19:30 Eglise de Saanen
R. Schumann
Concerto pour violoncelle en la mineur, op. 129
L. van Beethoven
Symphonie n° 3 en mi bémol majeur, op. 55 « Eroica »
R. Schumann
Concerto pour violoncelle en la mineur, op. 129
L. van Beethoven
Symphonie n° 3 en mi bémol majeur, op. 55 « Eroica »
Schumann: Concerto pour violoncelle en la mineur, op. 129
Quand Schumann s’installe à Düsseldorf en 1850 pour y occuper le glorieux poste de directeur de la musique, sait-il qu’il s’apprête à plonger dans un chaos qui lui coûtera la vie ; en 1856 ? Le présent Concerto, pourtant conçu dans la ville rhénane après son arrivée, précède la tragédie annoncée. Dans l’effervescence des premières répétitions, l’artiste trouve l’espace pour produire en deux semaines cette pièce hautement créative, à une époque où le violoncelle ne se mesure guère à l’orchestre seul. On se souvient ici que Schumann apprit enfant à manier ce noble instrument – auquel il pensa même revenir après avoir abîmé ses mains avec un dispositif absurde de son invention, supposé augmenter sa virtuosité au piano.
Résolument chambriste, cette partition dégage une connaissance intime du violoncelle. Au point que ses tempi charnels, comme dilués, déroutèrent nombre d’interprètes. Quant aux habituels morceaux de bravoure, ils sont mis de côté au profit de la force lyrique, de la charge de mystère. L’Allegro inaugure une atmosphère. Le chant du violoncelle s’élève en volutes, qui infiltrent le paysage de l’orchestre – avant de se dissiper à tire-d’aile. Nous voici à la croisée des chemins : entre le classicisme mozartien des élans collectifs, une scansion râpeuse évoquant la Chaconne d’un Bach fondateur, et la rare indétermination du décor, annonciatrice du dernier Berlioz et de Strauss, c’est comme si Schumann avait fusionné passé, présent, et futur. Avec ses doubles cordes, ses allures de polyphonie, ou de canon, la romance du deuxième mouvement mue l’orchestre en caisse de résonnance d’un soliste magnifié. Les motifs en quinte descendante sont-ils des hommages aux cinq lettres du prénom de Clara ? Il est doux de le croire. Le Vivace porte bien son nom : d’un entrain communicatif, il fait entrer dans la forêt des songes un défilé chevaleresque. Entièrement écrite par l’auteur, la cadenza terminale résiste elle aussi à l’étalage de virtuosité. Est-ce en raison de son apparente simplicité que cette œuvre ne fut pas créée du vivant de Schumann, et mise à l’écart pendant des décennies ? Elle posa pourtant, l’air de rien, et avec une grâce inouïe, les jalons du concerto romantique pour violoncelle.

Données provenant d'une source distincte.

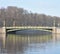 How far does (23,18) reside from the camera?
2277 inches

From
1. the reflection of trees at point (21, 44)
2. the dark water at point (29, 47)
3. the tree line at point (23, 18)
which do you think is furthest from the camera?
the tree line at point (23, 18)

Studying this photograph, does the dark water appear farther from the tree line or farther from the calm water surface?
the tree line

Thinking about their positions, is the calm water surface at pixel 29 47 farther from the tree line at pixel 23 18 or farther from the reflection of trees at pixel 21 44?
the tree line at pixel 23 18

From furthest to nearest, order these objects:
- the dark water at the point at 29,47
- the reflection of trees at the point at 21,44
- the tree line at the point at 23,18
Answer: the tree line at the point at 23,18 < the reflection of trees at the point at 21,44 < the dark water at the point at 29,47

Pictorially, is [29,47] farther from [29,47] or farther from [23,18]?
[23,18]

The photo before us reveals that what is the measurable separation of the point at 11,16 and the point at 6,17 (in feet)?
4.37

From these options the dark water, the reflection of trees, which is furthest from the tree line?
the dark water

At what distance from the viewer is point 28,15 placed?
60.6 meters

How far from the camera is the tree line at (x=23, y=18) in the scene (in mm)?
54406

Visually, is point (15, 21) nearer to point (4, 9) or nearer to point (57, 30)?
point (4, 9)

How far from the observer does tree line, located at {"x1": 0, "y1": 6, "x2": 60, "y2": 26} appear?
178ft

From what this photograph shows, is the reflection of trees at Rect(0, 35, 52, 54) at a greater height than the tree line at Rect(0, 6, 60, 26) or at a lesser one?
lesser

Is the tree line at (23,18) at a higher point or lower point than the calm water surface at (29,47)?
higher

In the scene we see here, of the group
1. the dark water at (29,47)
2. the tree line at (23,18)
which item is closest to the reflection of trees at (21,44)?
the dark water at (29,47)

Beethoven : Symphonie n° 3 en mi bémol majeur, op. 55 « Eroica »
Autre monument annonciateur, de tout le romantisme musical cette fois. Au Panthéon de « la musique symphonique » selon Leonard Bernstein, cette pièce fut aussi l’une des favorites de Beethoven lui-même. Son écriture débute à l’été 1803, moment déterminant pour le destin européen, et pour celui du créateur. Du côté de la France, Bonaparte passe encore aux yeux de Beethoven pour un génie militaire sans égal, défendant partout les idéaux de la Révolution. L’œuvre lui est d’abord dédiée. C’est en outre à la même période que le musicien affronte les prémices de sa légendaire surdité. Daté de 1802, le Testament de Heiligenstadt inaugure une lutte sans merci entre désespoir et foi. Ainsi pourra-t-on écouter cette Symphonie à l’aune de trois prismes : la grande histoire politique, la « petite » histoire du corps, et l’histoire musicale.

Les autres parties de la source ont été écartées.